Ces estimations ne sont pas confirmées : le nombre de votes Mélenchon a continué à monter hier soir, alors que des bulletins de votes non comptés émergeaient à Paris.
Si les estimations initiales sont confirmées, toutefois, ce serait la troisième fois, avec les élections de 2002 et 2017, qu’un néofasciste arrive au second tour des présidentielles. Le fait que les électeurs sont à nouveau face au choix empoisonné entre Le Pen et le «président des riches» témoigne de la faillite des organisations que les médias font passer pour la «gauche». Elles se sont révélées incapable de battre ni un président sortant impopulaire, ni une néofasciste.
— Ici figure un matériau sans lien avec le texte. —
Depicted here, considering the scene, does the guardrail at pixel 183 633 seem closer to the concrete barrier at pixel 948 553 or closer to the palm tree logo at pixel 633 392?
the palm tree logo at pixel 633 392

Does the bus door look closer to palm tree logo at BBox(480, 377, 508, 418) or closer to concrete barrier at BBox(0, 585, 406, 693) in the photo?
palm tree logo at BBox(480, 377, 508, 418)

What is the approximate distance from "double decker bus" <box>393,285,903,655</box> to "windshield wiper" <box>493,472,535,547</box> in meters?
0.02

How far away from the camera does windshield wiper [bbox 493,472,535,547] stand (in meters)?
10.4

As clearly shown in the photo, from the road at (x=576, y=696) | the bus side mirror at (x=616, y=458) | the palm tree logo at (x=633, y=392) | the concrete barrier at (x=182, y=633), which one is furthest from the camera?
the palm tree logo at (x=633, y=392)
L’élection a confirmé l’effondrement des partis électoraux dominants dans l’époque après la grève générale de Mai 68. Valérie Pécresse des Républicains (LR) et Anne Hidalgo du PS, les deux partis de gouvernement de l’après-68, ont reçu 4,7 et 1,8 pour cent, respectivement. Le candidat Vert Yannick Jadot a reçu 4,5 pour cent et le candidat PCF Fabien Roussel 2,4 pour cent. Ces candidats sont ainsi éliminés.
Le polémiste d’extrême-droite Eric Zemmour, condamné pour incitation à la haine raciale et proche de sections du corps des officiers qui ont agité pour un coup d’État lors de la pandémie de Covid-19, a reçu 7 pour cent des voix.
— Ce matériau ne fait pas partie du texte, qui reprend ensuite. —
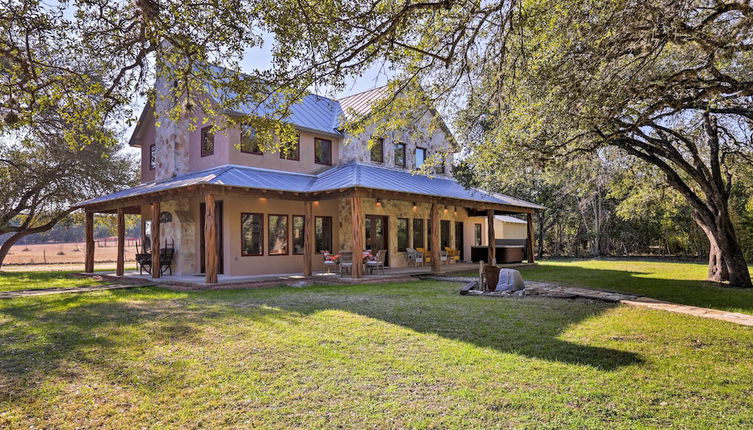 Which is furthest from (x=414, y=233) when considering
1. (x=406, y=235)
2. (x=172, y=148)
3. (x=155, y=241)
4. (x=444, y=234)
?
(x=172, y=148)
La campagne pour le second tour commence sur fond d’incertitude et d’une vaste désillusion populaire avec les partis établis. Le taux d’abstention s’est élevé à 26,2 pour cent des électeurs, plus que le nombre de votes reçus par chacun des candidats. Les sondages ont donné Le Pen en train de recevoir 48 ou 49 pour cent des voix contre Macron, et une possibilité réelle existe que Le Pen pourrait battre Macron.
Si Macron a fait campagne en 2017 en tant que jeune banquier prétendument dynamique, la France s’enfonce à présent dans la crise. Presque 1 million de personnes ont attrapé le Covid la semaine passée, et 786 sont mortes, mais l’État a encouragé les électeurs à se rendre sans masque dans les bureaux de vote même s’ils étaient positifs au virus. Le rationnement du gaz et les pénuries de certains produits tels que l’huile de tournesol commencent, sur fond de sanctions imposées par l’OTAN à la Russie.
Dans une brève allocution hier soir, Macron a prétendu qu’il construirait «un grand mouvement politique d’unité», ralliant les Français «pour faire barrage à extrême droite». Il a ajouté, «Je suis prêt à inventer quelque chose de nouveau pour rassembler les convictions et sensibilités diverses pour bâtir avec eux une action commune, au service de notre nation, pour les années qui viennent. C'est notre pouvoir ».
Mme Le Pen s'est présentée comme dirigeant un gouvernement populaire et démocratique. Elle a appelé les électeurs 'de droite, de gauche, d'ailleurs, de tous horizons à rejoindre ce grand rassemblement national et populaire.' Des responsables du Rassemblement national (RN) de Le Pen ont déclaré au quotidien Libération : « C’est la gauche qui détient presque les clés de l’élection ».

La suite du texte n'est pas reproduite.